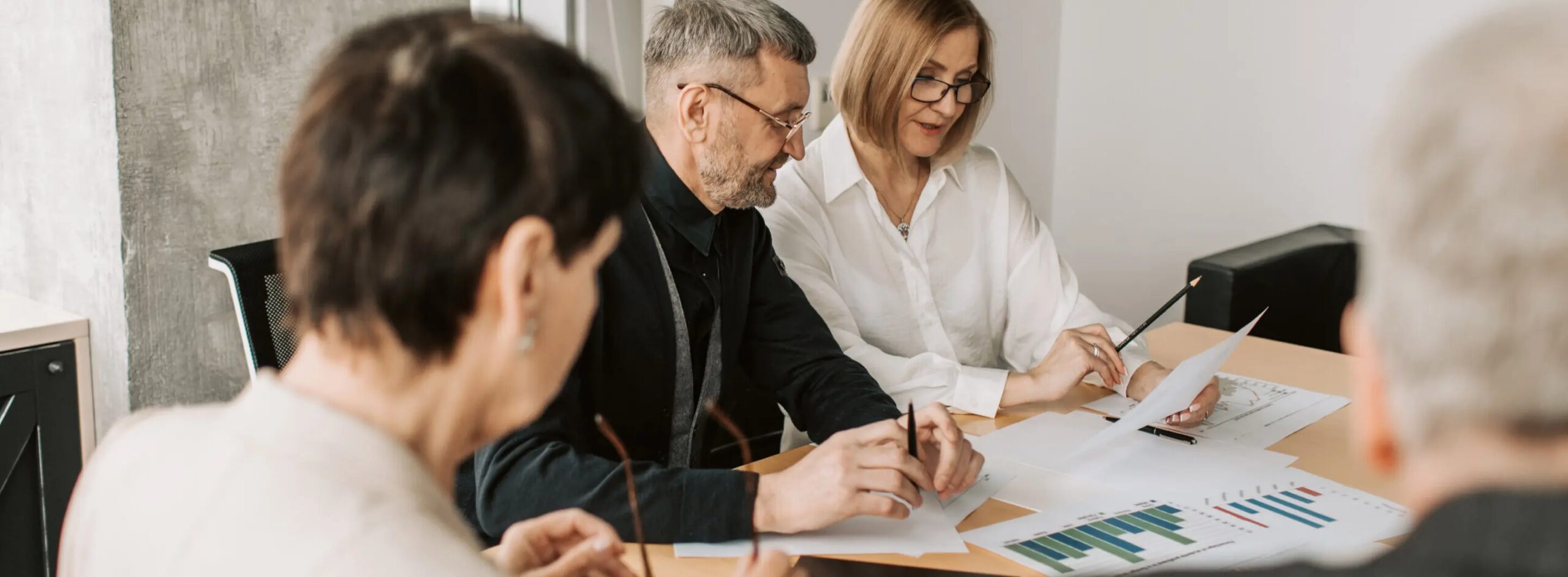 Financial-Servies---pexels-vlada-karpovich-7433825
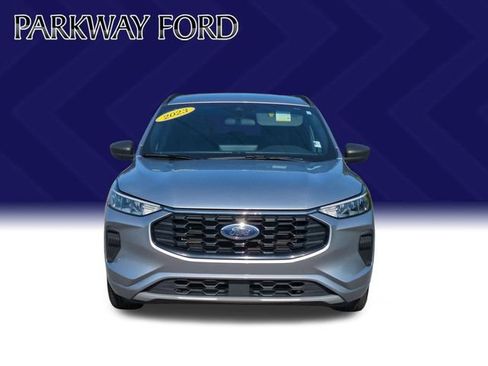 Used 2023 Ford Escape ST-Line w/ Tech Pack #1 FWD image 8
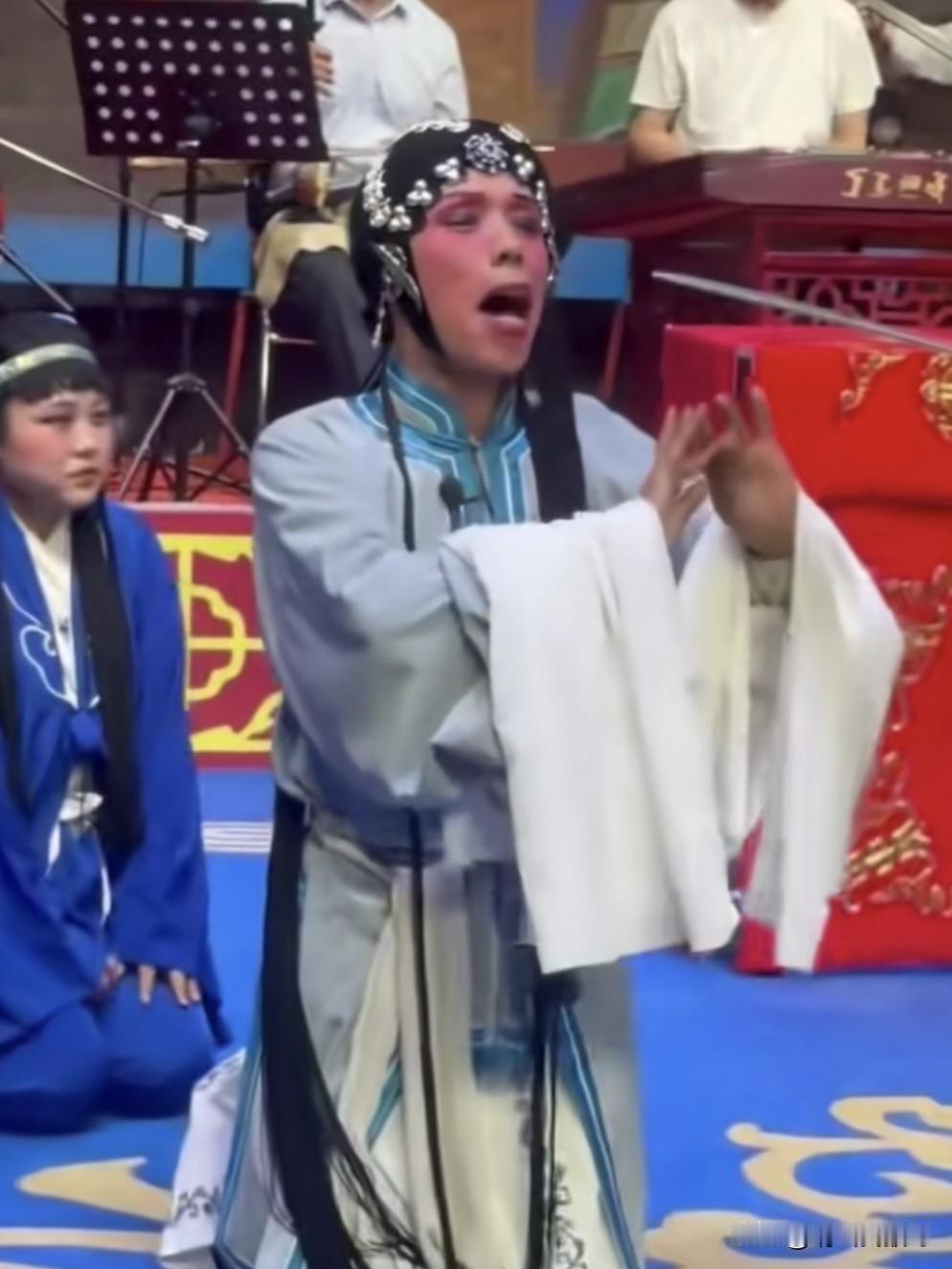 看了这个版本的秦香莲，终于理解陈世美了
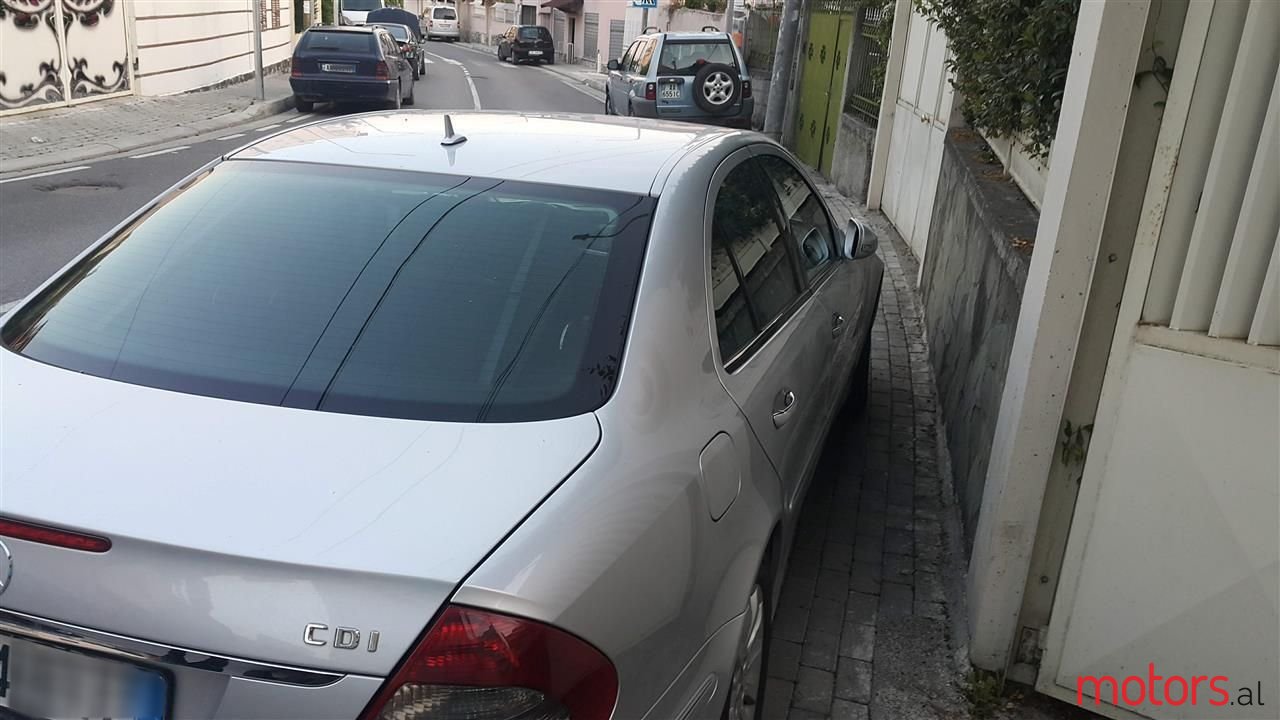 2007' Mercedes-Benz E 280 photo #6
::::::
- [WHAT IS BEING ASKED] Only the lines from the one containing "看了这个版本的秦香莲，终于理解陈世美了" through the final line of the material should appear in the answer, copied exactly and without any picture.

- [WRITTEN SOLUTION]
 看了这个版本的秦香莲，终于理解陈世美了
 2007' Mercedes-Benz E 280 photo #6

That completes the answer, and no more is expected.